━━━ DATASET RECORDS ━━━
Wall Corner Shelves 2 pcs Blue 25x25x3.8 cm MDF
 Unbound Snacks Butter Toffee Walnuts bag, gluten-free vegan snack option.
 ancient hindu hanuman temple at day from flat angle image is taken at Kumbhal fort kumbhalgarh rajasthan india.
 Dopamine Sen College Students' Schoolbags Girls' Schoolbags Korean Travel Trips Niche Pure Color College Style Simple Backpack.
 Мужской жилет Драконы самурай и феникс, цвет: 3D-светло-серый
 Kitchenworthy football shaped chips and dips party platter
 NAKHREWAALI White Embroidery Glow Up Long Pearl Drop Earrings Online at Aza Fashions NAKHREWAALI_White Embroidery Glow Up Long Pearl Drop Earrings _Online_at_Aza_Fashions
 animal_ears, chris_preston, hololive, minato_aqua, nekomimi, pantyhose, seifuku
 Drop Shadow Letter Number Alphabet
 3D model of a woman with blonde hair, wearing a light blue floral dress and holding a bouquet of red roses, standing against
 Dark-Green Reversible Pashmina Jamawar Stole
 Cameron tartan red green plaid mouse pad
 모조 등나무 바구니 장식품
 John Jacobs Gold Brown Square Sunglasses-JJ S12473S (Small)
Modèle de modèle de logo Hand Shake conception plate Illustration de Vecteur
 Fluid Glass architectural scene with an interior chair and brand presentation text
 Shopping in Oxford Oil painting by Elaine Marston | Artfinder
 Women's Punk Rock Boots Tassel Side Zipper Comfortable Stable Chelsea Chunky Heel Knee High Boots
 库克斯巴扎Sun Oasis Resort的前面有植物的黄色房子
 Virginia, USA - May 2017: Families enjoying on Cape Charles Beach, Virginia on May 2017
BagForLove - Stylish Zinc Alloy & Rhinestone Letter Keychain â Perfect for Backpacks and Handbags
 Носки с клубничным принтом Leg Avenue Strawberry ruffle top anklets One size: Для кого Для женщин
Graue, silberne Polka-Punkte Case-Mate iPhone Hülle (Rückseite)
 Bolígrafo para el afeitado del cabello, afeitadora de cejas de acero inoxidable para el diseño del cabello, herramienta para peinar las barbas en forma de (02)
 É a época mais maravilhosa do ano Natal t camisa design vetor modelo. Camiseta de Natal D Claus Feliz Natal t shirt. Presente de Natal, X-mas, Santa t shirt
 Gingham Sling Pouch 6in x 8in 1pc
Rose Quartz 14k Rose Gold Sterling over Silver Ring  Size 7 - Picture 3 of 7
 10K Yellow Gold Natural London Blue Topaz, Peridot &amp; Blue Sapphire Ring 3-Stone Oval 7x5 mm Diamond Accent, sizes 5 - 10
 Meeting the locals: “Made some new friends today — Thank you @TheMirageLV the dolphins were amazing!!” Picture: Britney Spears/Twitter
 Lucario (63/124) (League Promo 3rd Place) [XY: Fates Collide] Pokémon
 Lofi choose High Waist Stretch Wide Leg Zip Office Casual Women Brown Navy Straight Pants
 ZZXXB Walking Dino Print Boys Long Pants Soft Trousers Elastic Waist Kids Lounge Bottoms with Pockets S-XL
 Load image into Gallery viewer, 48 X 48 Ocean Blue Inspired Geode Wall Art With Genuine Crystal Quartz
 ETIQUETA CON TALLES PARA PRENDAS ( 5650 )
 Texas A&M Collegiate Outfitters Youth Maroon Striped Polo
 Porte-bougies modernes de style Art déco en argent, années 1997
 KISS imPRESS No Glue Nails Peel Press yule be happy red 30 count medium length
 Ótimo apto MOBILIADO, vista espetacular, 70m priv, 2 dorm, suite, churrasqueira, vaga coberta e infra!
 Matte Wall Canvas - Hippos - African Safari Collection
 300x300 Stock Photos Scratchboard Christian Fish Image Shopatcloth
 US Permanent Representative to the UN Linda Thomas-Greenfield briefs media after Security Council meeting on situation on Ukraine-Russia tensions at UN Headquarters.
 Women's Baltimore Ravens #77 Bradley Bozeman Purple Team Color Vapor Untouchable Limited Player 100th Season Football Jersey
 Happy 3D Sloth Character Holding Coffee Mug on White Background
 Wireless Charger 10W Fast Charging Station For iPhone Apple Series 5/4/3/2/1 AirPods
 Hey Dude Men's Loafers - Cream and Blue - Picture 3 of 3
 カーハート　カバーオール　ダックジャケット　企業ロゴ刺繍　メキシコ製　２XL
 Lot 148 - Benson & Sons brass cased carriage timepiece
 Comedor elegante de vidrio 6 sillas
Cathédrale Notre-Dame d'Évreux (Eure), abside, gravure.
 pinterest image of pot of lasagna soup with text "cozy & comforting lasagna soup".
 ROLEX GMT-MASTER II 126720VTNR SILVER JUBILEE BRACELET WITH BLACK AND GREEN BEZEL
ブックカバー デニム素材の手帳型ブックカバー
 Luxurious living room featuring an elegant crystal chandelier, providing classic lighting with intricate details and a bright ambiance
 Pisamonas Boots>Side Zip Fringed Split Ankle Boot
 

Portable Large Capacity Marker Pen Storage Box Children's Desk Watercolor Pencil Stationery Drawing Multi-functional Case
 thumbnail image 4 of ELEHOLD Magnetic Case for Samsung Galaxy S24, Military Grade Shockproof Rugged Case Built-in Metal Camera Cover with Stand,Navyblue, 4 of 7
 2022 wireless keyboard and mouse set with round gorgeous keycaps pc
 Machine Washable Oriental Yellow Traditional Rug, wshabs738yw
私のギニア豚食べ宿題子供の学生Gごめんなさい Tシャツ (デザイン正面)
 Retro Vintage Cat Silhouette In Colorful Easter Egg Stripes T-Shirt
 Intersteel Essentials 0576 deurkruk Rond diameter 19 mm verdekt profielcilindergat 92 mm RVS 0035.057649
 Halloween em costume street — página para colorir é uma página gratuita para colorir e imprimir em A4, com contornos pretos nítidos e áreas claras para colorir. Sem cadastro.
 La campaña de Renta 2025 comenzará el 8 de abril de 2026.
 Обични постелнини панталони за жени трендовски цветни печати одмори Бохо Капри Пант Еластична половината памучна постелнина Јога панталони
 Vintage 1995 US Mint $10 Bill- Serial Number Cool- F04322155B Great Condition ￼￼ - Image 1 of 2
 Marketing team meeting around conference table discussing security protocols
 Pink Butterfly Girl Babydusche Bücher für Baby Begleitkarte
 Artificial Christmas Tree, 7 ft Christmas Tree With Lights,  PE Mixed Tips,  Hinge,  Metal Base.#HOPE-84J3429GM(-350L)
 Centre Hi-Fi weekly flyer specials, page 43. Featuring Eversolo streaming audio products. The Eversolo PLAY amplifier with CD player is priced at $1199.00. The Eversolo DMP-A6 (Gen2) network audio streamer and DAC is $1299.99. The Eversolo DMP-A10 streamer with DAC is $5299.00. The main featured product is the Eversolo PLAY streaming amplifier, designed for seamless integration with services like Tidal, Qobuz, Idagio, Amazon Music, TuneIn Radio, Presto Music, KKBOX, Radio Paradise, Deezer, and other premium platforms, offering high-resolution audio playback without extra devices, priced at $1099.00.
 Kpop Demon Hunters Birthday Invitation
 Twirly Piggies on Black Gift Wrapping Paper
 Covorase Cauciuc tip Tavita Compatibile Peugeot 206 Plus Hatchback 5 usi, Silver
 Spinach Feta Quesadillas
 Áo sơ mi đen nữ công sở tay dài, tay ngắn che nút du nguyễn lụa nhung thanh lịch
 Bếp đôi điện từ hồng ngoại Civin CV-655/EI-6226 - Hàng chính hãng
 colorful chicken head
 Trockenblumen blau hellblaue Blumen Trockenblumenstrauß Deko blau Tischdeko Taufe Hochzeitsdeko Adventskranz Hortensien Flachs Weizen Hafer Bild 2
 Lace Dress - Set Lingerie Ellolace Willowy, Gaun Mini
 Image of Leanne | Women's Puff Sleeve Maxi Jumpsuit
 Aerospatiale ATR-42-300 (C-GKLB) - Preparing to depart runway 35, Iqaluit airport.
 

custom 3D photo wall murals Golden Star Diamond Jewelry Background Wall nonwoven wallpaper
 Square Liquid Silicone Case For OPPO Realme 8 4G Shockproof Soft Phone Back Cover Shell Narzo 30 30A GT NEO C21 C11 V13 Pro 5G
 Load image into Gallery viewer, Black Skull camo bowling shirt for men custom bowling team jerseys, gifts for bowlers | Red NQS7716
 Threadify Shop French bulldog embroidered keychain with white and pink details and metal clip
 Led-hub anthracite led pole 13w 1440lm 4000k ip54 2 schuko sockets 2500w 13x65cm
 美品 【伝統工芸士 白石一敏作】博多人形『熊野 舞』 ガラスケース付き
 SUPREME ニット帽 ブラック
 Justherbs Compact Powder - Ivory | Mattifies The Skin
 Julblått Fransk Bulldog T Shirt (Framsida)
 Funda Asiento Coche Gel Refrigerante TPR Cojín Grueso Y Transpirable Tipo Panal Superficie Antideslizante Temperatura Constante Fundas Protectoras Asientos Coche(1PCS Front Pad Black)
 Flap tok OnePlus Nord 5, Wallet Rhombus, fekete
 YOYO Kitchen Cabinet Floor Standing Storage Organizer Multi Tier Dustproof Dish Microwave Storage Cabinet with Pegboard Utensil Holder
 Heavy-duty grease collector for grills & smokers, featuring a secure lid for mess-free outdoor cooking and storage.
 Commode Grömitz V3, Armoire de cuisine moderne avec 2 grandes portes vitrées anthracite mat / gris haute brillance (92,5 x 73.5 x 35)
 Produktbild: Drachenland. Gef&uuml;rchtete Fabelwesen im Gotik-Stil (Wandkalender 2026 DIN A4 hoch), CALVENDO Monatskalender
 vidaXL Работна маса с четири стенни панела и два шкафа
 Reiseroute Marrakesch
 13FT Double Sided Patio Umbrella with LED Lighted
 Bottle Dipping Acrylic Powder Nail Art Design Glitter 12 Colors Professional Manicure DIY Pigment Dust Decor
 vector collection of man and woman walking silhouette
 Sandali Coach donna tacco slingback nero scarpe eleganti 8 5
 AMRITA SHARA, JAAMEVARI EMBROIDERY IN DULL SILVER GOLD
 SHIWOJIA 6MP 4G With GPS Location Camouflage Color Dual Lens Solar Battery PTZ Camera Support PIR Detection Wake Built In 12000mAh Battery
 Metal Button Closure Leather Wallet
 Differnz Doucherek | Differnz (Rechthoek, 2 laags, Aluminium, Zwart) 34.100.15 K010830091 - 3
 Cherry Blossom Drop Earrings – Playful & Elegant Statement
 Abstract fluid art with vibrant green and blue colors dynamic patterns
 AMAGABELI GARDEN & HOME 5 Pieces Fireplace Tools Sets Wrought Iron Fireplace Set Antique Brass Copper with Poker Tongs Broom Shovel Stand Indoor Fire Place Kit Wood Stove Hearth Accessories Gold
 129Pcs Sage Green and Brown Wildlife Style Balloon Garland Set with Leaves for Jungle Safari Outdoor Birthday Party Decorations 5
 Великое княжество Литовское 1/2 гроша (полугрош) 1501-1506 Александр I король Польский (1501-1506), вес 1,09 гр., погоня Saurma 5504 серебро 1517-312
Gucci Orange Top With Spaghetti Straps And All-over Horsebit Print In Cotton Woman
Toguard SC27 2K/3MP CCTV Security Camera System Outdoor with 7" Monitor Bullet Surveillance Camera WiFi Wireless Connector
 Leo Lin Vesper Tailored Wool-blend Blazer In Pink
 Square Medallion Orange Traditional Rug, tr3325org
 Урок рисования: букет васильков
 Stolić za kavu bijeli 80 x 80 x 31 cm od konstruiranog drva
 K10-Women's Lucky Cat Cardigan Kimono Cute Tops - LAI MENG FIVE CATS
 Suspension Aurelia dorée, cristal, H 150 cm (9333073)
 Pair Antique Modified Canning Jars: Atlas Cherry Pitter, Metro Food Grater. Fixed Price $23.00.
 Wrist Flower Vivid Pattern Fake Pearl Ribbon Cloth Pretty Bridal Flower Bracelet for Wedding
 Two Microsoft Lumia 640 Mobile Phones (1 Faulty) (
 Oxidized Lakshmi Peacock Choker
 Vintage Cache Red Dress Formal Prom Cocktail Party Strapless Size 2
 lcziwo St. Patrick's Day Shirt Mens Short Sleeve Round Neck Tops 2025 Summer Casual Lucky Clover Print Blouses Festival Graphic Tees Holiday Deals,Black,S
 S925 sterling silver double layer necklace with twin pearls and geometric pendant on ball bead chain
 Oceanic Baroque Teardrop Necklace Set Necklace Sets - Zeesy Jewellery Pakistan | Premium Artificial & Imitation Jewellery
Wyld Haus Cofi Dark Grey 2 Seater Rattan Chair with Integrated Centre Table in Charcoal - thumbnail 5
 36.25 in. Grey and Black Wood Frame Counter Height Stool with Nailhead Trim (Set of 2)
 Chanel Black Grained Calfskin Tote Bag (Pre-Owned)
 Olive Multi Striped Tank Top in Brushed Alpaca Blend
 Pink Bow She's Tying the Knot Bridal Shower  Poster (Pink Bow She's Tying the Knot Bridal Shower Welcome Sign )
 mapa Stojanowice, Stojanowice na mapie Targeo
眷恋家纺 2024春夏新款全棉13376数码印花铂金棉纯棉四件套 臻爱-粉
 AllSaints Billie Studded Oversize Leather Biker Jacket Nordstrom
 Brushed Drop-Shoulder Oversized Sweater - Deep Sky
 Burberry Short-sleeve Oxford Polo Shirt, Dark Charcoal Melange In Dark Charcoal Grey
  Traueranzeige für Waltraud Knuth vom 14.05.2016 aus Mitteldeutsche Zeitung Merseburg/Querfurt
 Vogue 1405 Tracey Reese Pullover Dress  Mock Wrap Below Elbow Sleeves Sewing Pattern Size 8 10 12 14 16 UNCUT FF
━━━
ACTIVITY ▸ Search the listing above for the lines with "Marketing team meeting" and "Aerospatiale ATR-42-300 (C-GKLB)", then output those lines and all lines between them exactly.

EXERCISE RESULT ▸
 Marketing team meeting around conference table discussing security protocols
 Pink Butterfly Girl Babydusche Bücher für Baby Begleitkarte
 Artificial Christmas Tree, 7 ft Christmas Tree With Lights,  PE Mixed Tips,  Hinge,  Metal Base.#HOPE-84J3429GM(-350L)
 Centre Hi-Fi weekly flyer specials, page 43. Featuring Eversolo streaming audio products. The Eversolo PLAY amplifier with CD player is priced at $1199.00. The Eversolo DMP-A6 (Gen2) network audio streamer and DAC is $1299.99. The Eversolo DMP-A10 streamer with DAC is $5299.00. The main featured product is the Eversolo PLAY streaming amplifier, designed for seamless integration with services like Tidal, Qobuz, Idagio, Amazon Music, TuneIn Radio, Presto Music, KKBOX, Radio Paradise, Deezer, and other premium platforms, offering high-resolution audio playback without extra devices, priced at $1099.00.
 Kpop Demon Hunters Birthday Invitation
 Twirly Piggies on Black Gift Wrapping Paper
 Covorase Cauciuc tip Tavita Compatibile Peugeot 206 Plus Hatchback 5 usi, Silver
 Spinach Feta Quesadillas
 Áo sơ mi đen nữ công sở tay dài, tay ngắn che nút du nguyễn lụa nhung thanh lịch
 Bếp đôi điện từ hồng ngoại Civin CV-655/EI-6226 - Hàng chính hãng
 colorful chicken head
 Trockenblumen blau hellblaue Blumen Trockenblumenstrauß Deko blau Tischdeko Taufe Hochzeitsdeko Adventskranz Hortensien Flachs Weizen Hafer Bild 2
 Lace Dress - Set Lingerie Ellolace Willowy, Gaun Mini
 Image of Leanne | Women's Puff Sleeve Maxi Jumpsuit
 Aerospatiale ATR-42-300 (C-GKLB) - Preparing to depart runway 35, Iqaluit airport.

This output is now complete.